On May 27, 2014, almost a year following the promulgation of its final rule, the U.S. Department of Health and Human Services (HHS) had its rule vacated by the U.S. District Court for the District of Columbia under an injunction and the granting of a motion for summary judgment brought by the Pharmaceutical Research and Manufacturers of America (PhRMA). The HHS final regulation, issued July 23, 2013, would have permitted makers of the drugs designated for “orphan” conditions to charge the higher “orphan drug” price only when the drug was used to treat orphan conditions. PhRMA argued that this interpretation exceeded HHS’s authority and was not consistent with the statute, which did not limit the application to the treatment of the condition.
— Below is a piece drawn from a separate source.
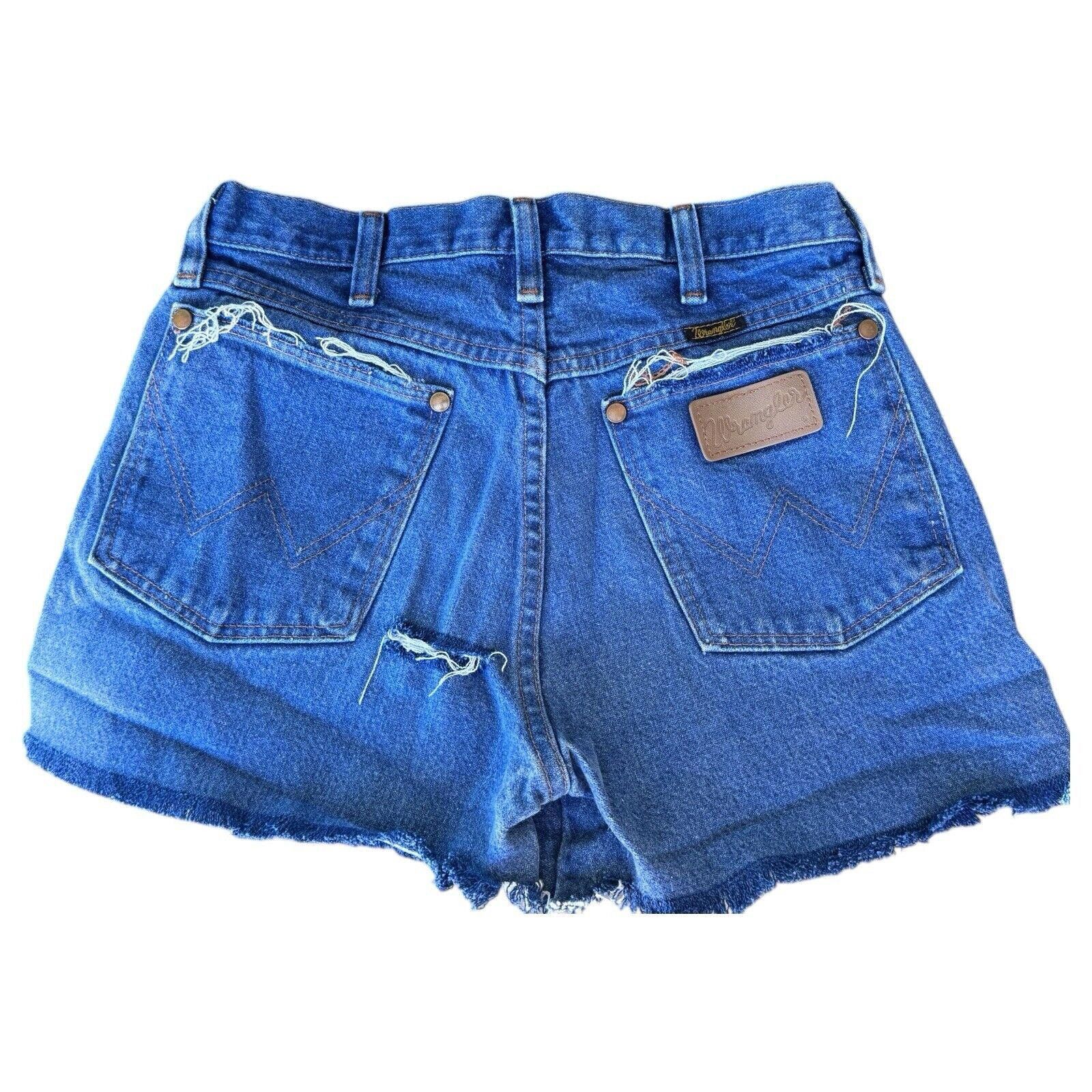 Wrangler Vintage Wrangler Blue Denim Distressed Cut Off Shorts Sz 29 Size 29" - 3 Thumbnail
Under the Affordable Care Act (ACA), new categories of providers were given access to the Section 340B Drug Pricing Program (340B Program). These providers include children’s hospitals, rural referral centers, sole community hospitals, critical access hospitals and cancer hospitals. The ACA provision set forth an exclusion of orphan drugs for such entities when involving “covered outpatient drugs.”
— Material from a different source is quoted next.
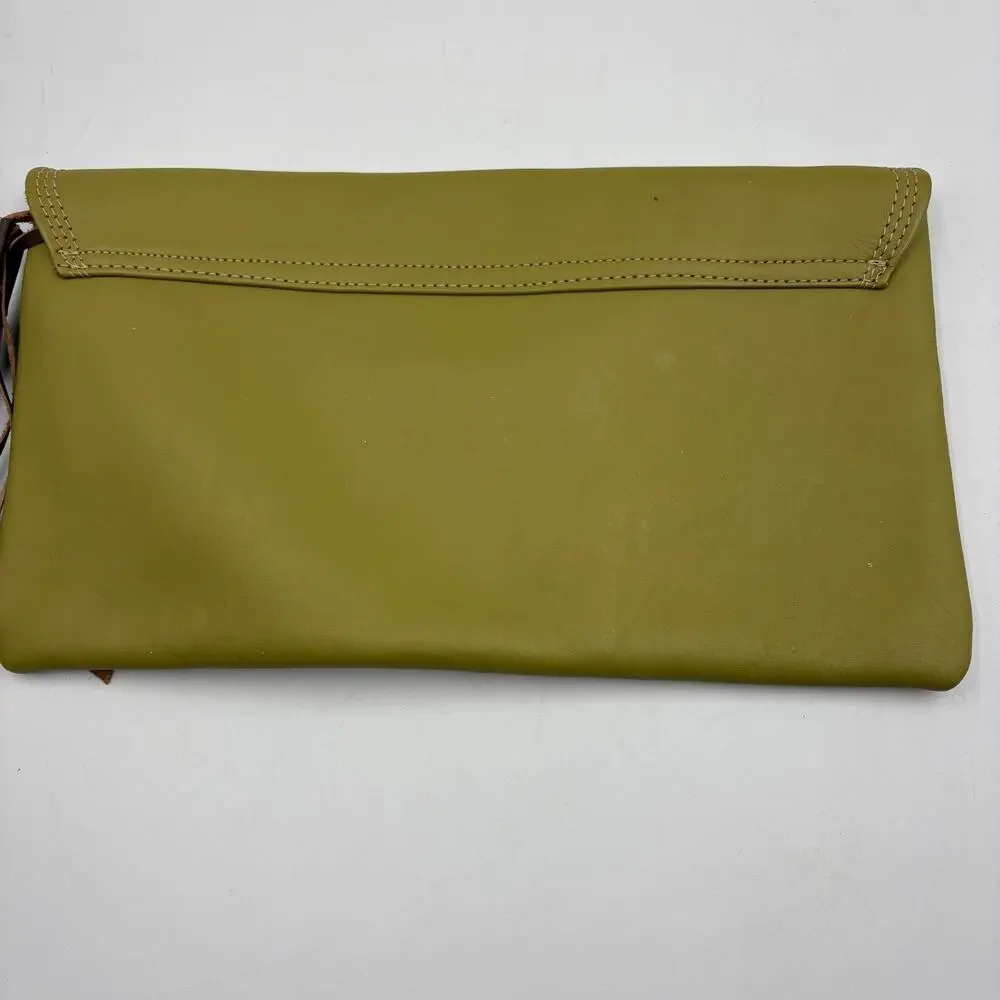 Cueropapel & Tijera Sage Green Leather Envelope Clutch With Tassel Purse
The ACA thus limited the use of the drug discount in defining the term “covered outpatient drug” by clarifying that the term does not include drugs designated for rare conditions under the Orphan Drug Act, in effect denying the affected facilities the discount for orphan drugs no matter what condition they were used to treat.
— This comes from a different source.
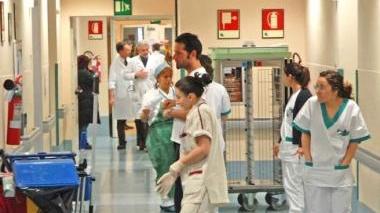 Infermiere nel corridoio dell’Area medica dell’ ospedale del Ceppo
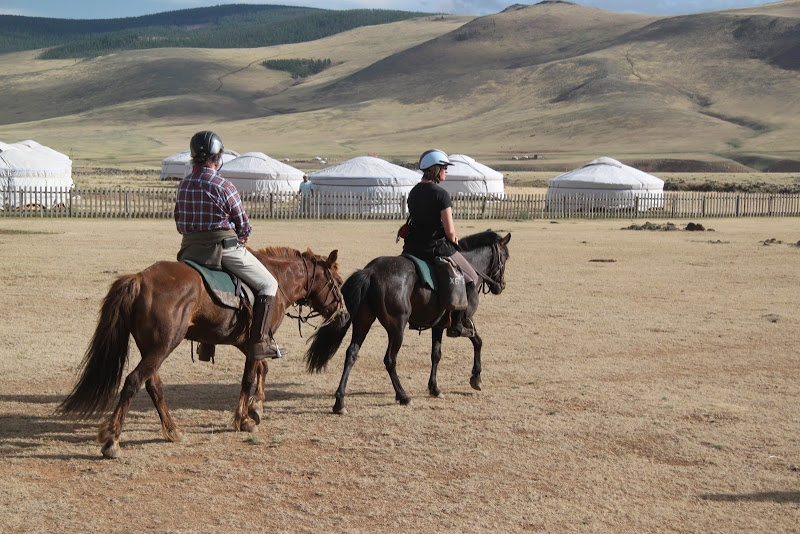 Voyage à cheval - Vallée de l\'Orkhon en Mongolie à cheval en yourtes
In its attempt to resolve questions and disputes relating to the meaning of the statute, HHS provided in its final rule that an orphan drug is exempt from 340B pricing requirements only when used to treat the rare condition or disease for which that orphan drug was designated. 78 Fed. Reg. 44016 at 44027.

The practical effect of the rule was that the discounted 340B price was not available to the added covered entities when purchasing orphan drugs for their intended orphan use. When the covered entity would have purchased the orphan drug for a non-orphan use, however, it would have received the 340B discounted prices. The final rule also imposed duties on the covered entities to maintain records of compliance.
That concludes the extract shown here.